Car nous sommes les héritiers de l'abbé Paul COUTURIER, un prêtre du diocèse de Lyon, comme vous l'êtes du Métropolite André CHEPTETSKYJ, ces serviteurs du Seigneur Jésus qui, au XXème siècle, ne supportaient pas la séparation des chrétiens. L'abbé COUTURIER cherchait à unir dans une prière commune les chrétiens d'Orient avec leurs frères d'Occident, issus de la Réforme ou catholiques  : il fut à l'origine de la Semaine universelle de prière pour l'unité des chrétiens. Le Métropolite André, apôtre de l'unionisme, refusait la guerre entre chrétiens orthodoxes et chrétiens catholiques. "Nous ne désirons qu'une seule chose  : que l'amour mutuel, la concorde règne entre les deux parties", écrivait-il.
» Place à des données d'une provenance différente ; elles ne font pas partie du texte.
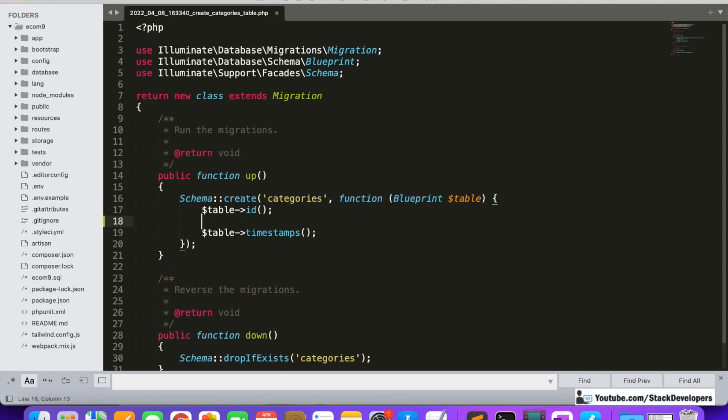We are going to create columns: parent_id, section_id, category_name, category_image, category_discount, description, URL, then meta_title, meta_description, meta_keyword, and status. These columns are similar to the ones we created in the advanced e-commerce website.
Lorsqu'il protesta en 1938 contre les destructions d'églises orthodoxes dans une lettre à ses prêtres, le Père COUTURIER à Lyon diffusa largement son message. "Nous devons aller aussi loin que possible à la rencontre des frères séparés, le rite liturgique oriental doit se trouver à égalité avec le rite occidental latin, parler de réunion ne doit jamais signifier la conversion de l'Eglise orthodoxe, mais celle des pécheurs". Que les trois principes "irénistes" que le Métropolite a su ainsi définir, restent pour nous un chemin vers l'unité.
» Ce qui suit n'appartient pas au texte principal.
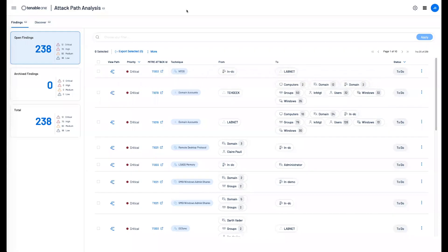Today I'm going to be walking you through the attack path analysis module available in Tenable One Enterprise. This allows you to visually see the various ways an attacker could take control over a specific asset, whether that's privilege escalation or the various lateral movements.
Les catholiques de mon diocèse sont très soucieux de prière commune avec leurs frères séparés, de lecture commune de la Bible, de réflexion commune de leur foi. Les élus de la Mairie de Lyon viennent de donner le nom de l'abbé COUTURIER à une passerelle, un pont pour traverser la Saône, pour réunir les deux rives de l'Ouest et de l'Est de la rivière, au cœur de la cité.

N'est-ce pas votre charisme à vous, Eglise ukrainienne, de réunir, de jeter une passerelle entre les deux rives  ? N'est-ce pas le testament spirituel du Métropolite André  ?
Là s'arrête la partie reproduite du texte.